Input:
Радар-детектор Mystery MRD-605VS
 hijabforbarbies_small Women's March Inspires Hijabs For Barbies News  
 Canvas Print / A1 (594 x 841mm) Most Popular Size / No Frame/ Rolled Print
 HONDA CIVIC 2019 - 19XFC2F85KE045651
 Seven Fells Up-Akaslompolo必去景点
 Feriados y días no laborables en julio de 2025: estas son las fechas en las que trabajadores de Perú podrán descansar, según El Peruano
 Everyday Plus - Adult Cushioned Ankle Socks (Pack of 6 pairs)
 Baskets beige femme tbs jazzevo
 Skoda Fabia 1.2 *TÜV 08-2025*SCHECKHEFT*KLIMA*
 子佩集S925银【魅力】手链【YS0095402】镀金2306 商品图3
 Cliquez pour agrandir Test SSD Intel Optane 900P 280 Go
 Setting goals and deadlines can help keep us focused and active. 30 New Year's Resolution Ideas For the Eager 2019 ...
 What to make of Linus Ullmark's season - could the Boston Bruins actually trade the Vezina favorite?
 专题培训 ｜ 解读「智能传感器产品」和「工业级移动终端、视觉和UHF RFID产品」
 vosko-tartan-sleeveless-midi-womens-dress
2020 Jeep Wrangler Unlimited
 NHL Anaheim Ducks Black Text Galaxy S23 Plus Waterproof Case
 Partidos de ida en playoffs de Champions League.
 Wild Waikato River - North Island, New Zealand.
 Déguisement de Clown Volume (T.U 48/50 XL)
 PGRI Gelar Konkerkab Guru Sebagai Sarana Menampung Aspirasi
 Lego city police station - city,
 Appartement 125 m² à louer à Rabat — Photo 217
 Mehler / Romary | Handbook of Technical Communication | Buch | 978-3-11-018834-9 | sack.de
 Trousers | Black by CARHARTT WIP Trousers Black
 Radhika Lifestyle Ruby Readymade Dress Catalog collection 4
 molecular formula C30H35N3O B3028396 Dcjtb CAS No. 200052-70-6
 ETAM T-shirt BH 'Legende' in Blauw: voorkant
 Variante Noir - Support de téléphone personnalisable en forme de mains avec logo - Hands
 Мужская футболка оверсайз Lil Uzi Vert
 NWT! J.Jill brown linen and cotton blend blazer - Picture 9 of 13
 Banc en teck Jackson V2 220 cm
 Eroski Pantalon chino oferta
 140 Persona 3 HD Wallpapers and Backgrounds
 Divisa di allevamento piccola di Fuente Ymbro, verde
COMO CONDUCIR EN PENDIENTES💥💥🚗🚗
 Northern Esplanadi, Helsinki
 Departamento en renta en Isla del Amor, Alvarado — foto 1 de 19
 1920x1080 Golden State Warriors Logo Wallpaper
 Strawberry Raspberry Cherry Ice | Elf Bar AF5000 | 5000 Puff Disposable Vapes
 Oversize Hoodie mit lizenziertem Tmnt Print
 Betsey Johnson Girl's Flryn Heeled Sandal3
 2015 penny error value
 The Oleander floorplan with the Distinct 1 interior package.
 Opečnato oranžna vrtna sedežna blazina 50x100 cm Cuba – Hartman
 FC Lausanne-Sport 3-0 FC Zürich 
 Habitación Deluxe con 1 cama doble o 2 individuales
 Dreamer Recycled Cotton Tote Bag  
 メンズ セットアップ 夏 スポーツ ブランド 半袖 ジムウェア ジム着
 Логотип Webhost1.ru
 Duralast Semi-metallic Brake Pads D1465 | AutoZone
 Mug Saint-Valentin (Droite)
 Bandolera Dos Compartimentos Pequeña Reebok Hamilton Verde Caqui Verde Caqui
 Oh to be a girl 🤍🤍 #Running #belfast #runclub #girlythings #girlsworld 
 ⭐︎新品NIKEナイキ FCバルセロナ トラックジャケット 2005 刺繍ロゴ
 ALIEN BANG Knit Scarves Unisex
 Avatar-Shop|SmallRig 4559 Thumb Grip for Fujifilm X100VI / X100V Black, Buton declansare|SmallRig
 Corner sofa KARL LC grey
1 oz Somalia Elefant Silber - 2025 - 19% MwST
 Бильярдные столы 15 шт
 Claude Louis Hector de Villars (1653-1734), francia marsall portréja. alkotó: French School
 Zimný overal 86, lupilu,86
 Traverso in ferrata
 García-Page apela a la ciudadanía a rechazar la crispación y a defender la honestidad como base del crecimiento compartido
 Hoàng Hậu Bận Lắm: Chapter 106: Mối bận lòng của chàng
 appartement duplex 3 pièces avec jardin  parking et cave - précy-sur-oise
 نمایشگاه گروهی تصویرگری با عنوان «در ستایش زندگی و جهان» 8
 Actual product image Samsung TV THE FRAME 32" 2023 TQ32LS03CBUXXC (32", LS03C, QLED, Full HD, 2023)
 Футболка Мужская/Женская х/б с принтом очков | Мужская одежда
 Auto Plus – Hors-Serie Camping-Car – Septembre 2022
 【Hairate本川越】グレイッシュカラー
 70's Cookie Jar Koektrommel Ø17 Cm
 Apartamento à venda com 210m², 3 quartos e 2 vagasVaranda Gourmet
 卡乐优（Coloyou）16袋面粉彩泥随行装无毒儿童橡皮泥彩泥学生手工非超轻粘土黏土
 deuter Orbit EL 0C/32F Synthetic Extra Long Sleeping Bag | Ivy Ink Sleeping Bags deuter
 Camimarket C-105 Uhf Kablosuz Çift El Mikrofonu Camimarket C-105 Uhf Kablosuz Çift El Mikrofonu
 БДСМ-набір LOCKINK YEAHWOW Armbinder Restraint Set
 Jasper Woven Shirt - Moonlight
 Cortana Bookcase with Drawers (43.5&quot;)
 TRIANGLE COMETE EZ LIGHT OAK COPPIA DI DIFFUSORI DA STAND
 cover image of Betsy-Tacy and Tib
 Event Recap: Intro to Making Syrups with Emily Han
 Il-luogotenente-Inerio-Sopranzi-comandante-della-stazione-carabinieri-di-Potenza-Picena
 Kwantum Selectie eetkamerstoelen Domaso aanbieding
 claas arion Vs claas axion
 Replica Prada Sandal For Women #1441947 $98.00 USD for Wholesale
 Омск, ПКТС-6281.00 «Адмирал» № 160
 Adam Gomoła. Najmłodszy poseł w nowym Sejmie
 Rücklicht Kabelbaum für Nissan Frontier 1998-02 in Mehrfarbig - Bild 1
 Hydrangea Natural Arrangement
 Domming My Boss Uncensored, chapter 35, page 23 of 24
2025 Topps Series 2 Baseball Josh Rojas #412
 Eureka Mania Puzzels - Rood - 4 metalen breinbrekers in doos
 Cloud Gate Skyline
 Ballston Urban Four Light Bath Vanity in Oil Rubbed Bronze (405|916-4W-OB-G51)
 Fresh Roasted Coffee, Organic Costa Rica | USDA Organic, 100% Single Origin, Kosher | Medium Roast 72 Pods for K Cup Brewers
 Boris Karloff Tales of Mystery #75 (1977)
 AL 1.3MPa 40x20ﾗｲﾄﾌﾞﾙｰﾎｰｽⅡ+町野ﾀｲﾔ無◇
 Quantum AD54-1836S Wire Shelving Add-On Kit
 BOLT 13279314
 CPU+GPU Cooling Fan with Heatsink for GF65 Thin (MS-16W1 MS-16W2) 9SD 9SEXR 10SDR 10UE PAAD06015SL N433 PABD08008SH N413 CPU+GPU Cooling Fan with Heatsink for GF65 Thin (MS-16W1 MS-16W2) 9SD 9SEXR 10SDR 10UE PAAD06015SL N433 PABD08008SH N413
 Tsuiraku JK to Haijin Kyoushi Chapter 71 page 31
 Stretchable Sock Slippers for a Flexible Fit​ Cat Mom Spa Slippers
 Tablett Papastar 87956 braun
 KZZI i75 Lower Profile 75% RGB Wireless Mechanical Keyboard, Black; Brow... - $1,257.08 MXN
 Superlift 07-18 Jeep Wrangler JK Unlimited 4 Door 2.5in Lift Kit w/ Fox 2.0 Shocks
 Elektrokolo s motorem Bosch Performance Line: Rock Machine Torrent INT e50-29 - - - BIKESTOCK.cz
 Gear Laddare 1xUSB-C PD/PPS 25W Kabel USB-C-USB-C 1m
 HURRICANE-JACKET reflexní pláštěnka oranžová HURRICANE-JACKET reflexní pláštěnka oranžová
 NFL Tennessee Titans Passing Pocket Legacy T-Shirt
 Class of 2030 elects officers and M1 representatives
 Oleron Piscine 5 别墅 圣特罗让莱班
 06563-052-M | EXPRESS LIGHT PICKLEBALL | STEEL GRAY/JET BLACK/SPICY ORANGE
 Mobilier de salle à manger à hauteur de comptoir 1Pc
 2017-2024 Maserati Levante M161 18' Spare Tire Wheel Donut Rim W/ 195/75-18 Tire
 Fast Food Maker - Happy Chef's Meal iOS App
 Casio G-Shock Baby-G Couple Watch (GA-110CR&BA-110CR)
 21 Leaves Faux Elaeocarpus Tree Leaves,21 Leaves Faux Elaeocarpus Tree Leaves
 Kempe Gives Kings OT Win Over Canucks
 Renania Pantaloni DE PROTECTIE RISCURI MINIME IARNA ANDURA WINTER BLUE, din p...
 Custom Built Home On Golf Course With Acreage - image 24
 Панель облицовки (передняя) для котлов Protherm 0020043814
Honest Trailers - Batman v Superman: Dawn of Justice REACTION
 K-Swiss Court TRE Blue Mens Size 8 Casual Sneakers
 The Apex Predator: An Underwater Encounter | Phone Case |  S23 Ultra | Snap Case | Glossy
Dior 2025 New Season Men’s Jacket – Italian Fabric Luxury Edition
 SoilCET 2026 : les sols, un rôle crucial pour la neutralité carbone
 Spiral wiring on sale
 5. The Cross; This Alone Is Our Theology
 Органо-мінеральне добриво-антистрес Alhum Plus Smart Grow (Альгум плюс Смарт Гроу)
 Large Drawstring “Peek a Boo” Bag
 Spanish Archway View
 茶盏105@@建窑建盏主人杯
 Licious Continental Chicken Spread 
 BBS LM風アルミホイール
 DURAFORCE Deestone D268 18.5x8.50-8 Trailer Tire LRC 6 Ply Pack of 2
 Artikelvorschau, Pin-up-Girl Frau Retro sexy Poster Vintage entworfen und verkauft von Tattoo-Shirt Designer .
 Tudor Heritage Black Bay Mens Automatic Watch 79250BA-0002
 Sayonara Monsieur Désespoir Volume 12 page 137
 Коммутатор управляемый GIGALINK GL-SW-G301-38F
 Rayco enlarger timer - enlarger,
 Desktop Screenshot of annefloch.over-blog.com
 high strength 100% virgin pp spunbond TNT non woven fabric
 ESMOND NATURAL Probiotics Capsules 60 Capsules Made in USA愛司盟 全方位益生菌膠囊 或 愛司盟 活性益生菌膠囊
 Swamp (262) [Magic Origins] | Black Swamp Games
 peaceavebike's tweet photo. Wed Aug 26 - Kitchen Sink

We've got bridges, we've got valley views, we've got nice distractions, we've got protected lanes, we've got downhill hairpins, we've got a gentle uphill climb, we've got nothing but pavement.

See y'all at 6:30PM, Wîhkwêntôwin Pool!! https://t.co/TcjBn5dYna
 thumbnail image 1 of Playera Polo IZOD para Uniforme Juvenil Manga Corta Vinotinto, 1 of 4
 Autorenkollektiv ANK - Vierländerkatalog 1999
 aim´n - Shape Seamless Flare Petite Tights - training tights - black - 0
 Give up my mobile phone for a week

Required action:
Beginning with the line holding "ETAM T-shirt BH 'Legende' in Blauw: voorkant" and ending with the line holding "Eroski Pantalon chino oferta", write out the stretch of material above exactly; add no further lines.

Expected answer:
 ETAM T-shirt BH 'Legende' in Blauw: voorkant
 Variante Noir - Support de téléphone personnalisable en forme de mains avec logo - Hands
 Мужская футболка оверсайз Lil Uzi Vert
 NWT! J.Jill brown linen and cotton blend blazer - Picture 9 of 13
 Banc en teck Jackson V2 220 cm
 Eroski Pantalon chino oferta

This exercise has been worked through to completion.